Düz mani, ayaklı (cinaslı, kesik) mani gibi iki türleri vardır.
Doğu Anadolu'da mani yerine bayatı sözü de kullanılmaktadır.
Divan edebiyatındaki tuyug ve rubaî’ye benzer.
MANİ
Yüzümde çifte benler Hayran oldu görenler Bilmem nasıl vazgeçe Sana gönül verenler
A benim bahtiyarım Gönülde tahtı yârim Yüzünde göz izi var Sana kim baktı yârim
TÜRKÜ
Kendine özgü bir ezgiyle söylenir.
8’li ve 11’li hece kalıbıyla söylenir.
Bent ve kavuştak olmak üzere iki bölümden oluşur: Türkünün asıl sözlerinin bulunduğu bölüm bent; her bendin sonunda tekrarlanan nakarat bölümlerine de kavuştak denir.

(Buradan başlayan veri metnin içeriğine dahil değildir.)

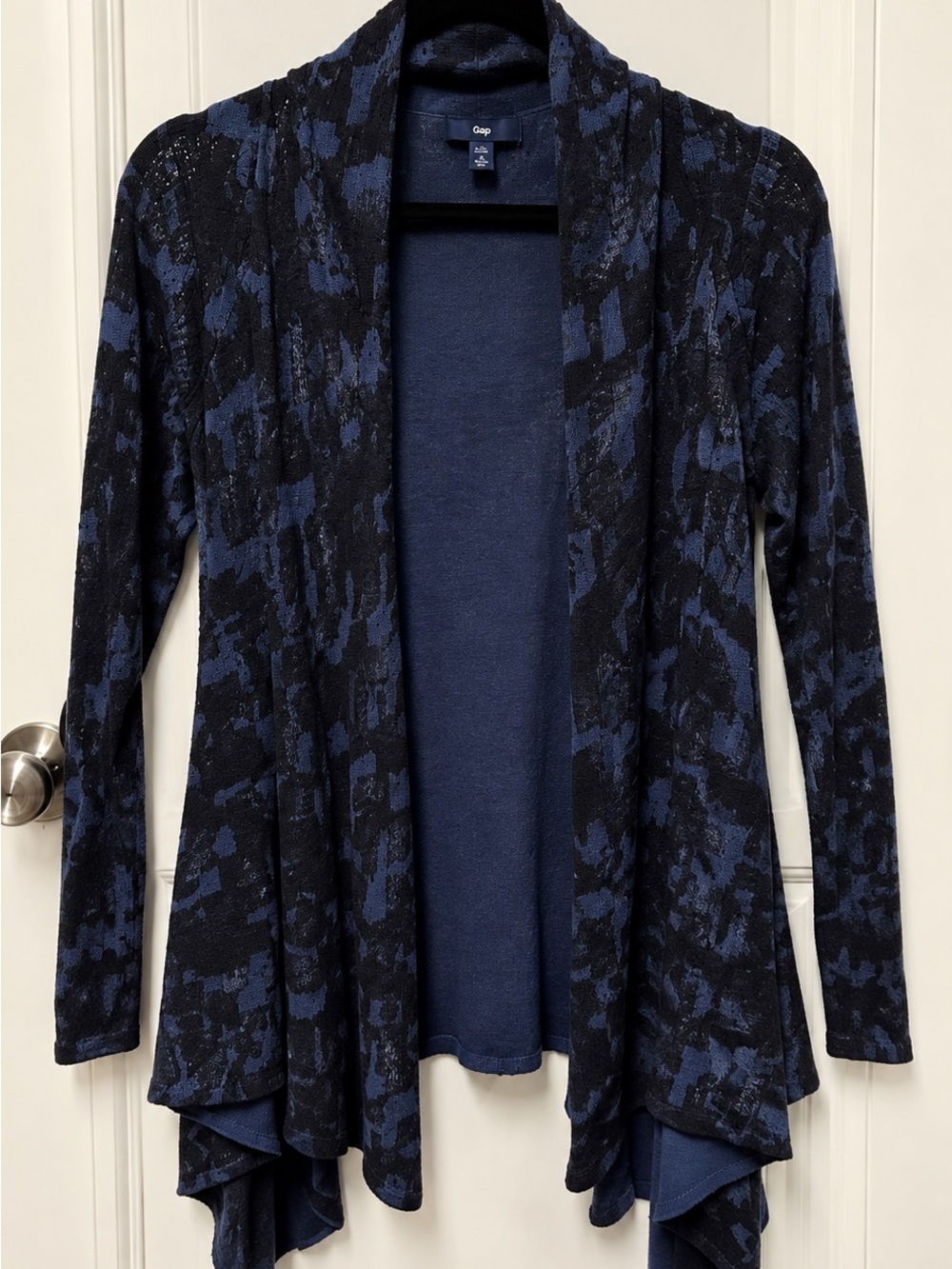 GAP Navy and Black Open-Front Draped Cardigan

Bentler ve kavuştaklar kendi aralarında kafiyelidir.
Özel durumlarda ya da ezginin, sözlerin çeşitlemesine göre ninni, ağıt, deyiş, hava adları da kullanılmaktadır.
Çağdan çağa ve yöreden yöreye içerik ve şekil olarak değişiklikler gösterebilir.
Aşk, doğa, güzellik, gurbet, hasret, kahramanlık vb. sosyal konular işlenir.
Türküler aynı zamanda aşık edebiyatı nazım şeklidir. Yani söyleyeni belli türküler de bir nazım biçimidir.
Türküler ezgilerine göre divan, usulsüz, bozlak, koşma, hoyrat, kayabaşı, Çukurova gibi çeşitlere ayrılır.
ACEM KIZI Kırşehir-Çekiç Ali-Osman Özdenkçi
Çırpınıp da şan ovaya çıkınca Eğlen şan ovada gal acem gızı. Uğrun gaş altından bakınca Can telef ediyor gül acem gızı. Seni seven oğlan neylesin malı, Yumdukça gözünden döker mercanı. Burun fındık ağzı gahve fincanı, Şeker mi, şerbet mi bal acem gızı.